Das sind wenig erfreuliche Aussichten. So werden die schon heute spürbaren verstärkten Wasserschwankungen mit auf die Klimaerwärmung zurückgeführt. Außerdem wirkt sich das veränderte Temperaturregime ganz offensichtlich auf das Schichtungs- und Durchmischungsverhalten des Bodensees aus. Dabei besteht die Gefahr, dass Jahre mit einer tiefreichenden Auskühlung des Sees seltener werden – und damit verbunden auch die Erneuerung des Tiefenwassers mit sauerstoffreichem Oberflächenwasser. Weil der See sich bei höherer Temperatur tendenziell früher im Jahr erwärmt, kann er auch zeitiger im Jahr eine Schichtung aufbauen. Auch dies wirkt einer im Spätwinter entstehenden Durchmischung entgegen.

Klar ist schon heute, dass sich die Klimaveränderungen in vielfältiger Weise auf Fauna und Flora auswirken werden. Und dass auch die Nutzung des Sees davon betroffen sein wird – mit Folgen, die weit über trockene Ufer und damit unzugängliche Hafenplätze hinausreichen werden.


Bei höheren Temperaturen werden die Gletscher aus den
Alpen verschwinden. Foto: Grohe

Glücklicherweise tragen jedoch die jahrzehntelangen Bemühungen um die Reinhaltung des Sees nun Früchte: Selbst nach einem vergleichsweise warmen Winter mit unzureichender Durchmischung sind – dank der geringeren mikrobiellen Abbautätigkeit – die Sauerstoffwerte in der Tiefe noch so gut, dass keine unmittelbare Gefahr für den See besteht. Viele Winter mit ungenügender Durchmischung dürfte allerdings auch der nun wieder deutlich sauberere Bodensee kaum verkraften. Die Erforschung möglicher Reaktionen des Sees auf die Klimaerwärmung ist daher ein wichtiges neues Aufgabengebiet der Seenforscher.

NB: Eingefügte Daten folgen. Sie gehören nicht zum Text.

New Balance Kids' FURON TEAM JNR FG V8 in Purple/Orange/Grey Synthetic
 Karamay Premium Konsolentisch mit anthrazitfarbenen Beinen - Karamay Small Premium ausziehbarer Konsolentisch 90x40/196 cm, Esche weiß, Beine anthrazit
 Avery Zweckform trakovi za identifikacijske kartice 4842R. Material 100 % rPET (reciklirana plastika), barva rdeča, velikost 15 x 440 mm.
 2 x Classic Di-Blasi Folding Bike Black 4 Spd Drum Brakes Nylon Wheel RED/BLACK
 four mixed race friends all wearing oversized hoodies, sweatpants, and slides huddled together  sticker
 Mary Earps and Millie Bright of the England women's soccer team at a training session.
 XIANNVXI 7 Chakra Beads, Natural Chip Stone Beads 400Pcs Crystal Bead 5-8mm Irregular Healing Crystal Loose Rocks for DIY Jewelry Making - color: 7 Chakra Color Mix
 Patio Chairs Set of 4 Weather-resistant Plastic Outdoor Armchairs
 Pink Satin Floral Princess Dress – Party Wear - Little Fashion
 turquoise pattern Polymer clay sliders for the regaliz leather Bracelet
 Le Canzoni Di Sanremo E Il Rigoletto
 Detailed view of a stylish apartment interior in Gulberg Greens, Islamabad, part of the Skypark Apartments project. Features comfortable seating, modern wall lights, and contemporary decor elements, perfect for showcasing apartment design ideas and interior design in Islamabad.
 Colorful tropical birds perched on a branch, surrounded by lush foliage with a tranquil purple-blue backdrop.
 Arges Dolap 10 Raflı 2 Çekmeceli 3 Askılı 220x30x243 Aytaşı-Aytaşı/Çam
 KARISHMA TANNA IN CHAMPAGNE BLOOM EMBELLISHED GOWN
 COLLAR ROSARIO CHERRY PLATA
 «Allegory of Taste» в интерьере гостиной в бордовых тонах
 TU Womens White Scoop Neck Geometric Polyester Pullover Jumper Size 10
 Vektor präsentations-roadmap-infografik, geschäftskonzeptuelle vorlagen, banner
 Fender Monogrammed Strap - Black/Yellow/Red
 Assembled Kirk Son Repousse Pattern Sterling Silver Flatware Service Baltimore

Unterstützt werden sie unter anderem auch von der Internationalen Gewässerschutzkommission für den Bodensee (IGKB). Eine wertvolle Hilfe ist dabei das neue Informationssystem Bodensee-Online. Dieses umfangreiche elektronische Werkzeug soll dazu genutzt werden, verschiedene Szenarien zu modellieren und so die Folgen der Erwärmung auf den See besser einschätzen zu können. Dabei soll insbesondere die Erneuerung des Tiefenwassers und die vom Nährstoffgehalt abhängige Sauerstoffzehrung in der Tiefe des Sees bei verschiedenen Klimaszenarien berechnet werden.

Mit den Ergebnissen wollen dann die Seenkundler Aussagen darüber machen, wie sich der Nährstoffgehalt in Abhängigkeit von der Entwicklung des Klimas auf den Bodensee auswirkt. Grundsätzlich kann davon ausgegangen werden, dass höhere Seetemperaturen eine vermehrte Biomasse-Produktion mit sich bringen dürften und darauf hin die Sauerstoffzehrung in der Tiefe wieder zunimmt. Dies aber kann die erreichte Stabilität des Sees gefährden, was eine fatale Entwicklung für den Bodensee wäre. Umso wichtiger ist daher die langfristige Sicherung des augenblicklich guten und stabilen Zustands des Sees.